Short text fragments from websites
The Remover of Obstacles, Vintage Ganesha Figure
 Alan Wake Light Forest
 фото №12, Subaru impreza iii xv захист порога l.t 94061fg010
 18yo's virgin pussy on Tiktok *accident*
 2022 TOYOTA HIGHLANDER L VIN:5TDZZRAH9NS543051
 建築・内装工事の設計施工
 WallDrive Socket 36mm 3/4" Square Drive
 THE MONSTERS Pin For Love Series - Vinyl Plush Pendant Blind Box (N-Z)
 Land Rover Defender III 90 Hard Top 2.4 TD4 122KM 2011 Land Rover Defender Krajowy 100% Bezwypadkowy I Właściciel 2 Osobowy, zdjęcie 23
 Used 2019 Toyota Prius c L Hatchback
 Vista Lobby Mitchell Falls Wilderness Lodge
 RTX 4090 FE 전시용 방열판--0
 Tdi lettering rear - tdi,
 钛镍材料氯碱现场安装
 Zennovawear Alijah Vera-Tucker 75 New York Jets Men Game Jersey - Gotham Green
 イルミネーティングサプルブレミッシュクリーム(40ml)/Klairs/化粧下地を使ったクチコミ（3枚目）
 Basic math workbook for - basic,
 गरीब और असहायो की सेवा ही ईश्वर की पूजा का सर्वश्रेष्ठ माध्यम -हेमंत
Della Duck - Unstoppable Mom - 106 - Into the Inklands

**Work item**
All entries are to be returned word for word.

**Result below**
The Remover of Obstacles, Vintage Ganesha Figure
 Alan Wake Light Forest
 фото №12, Subaru impreza iii xv захист порога l.t 94061fg010
 18yo's virgin pussy on Tiktok *accident*
 2022 TOYOTA HIGHLANDER L VIN:5TDZZRAH9NS543051
 建築・内装工事の設計施工
 WallDrive Socket 36mm 3/4" Square Drive
 THE MONSTERS Pin For Love Series - Vinyl Plush Pendant Blind Box (N-Z)
 Land Rover Defender III 90 Hard Top 2.4 TD4 122KM 2011 Land Rover Defender Krajowy 100% Bezwypadkowy I Właściciel 2 Osobowy, zdjęcie 23
 Used 2019 Toyota Prius c L Hatchback
 Vista Lobby Mitchell Falls Wilderness Lodge
 RTX 4090 FE 전시용 방열판--0
 Tdi lettering rear - tdi,
 钛镍材料氯碱现场安装
 Zennovawear Alijah Vera-Tucker 75 New York Jets Men Game Jersey - Gotham Green
 イルミネーティングサプルブレミッシュクリーム(40ml)/Klairs/化粧下地を使ったクチコミ（3枚目）
 Basic math workbook for - basic,
 गरीब और असहायो की सेवा ही ईश्वर की पूजा का सर्वश्रेष्ठ माध्यम -हेमंत
Della Duck - Unstoppable Mom - 106 - Into the Inklands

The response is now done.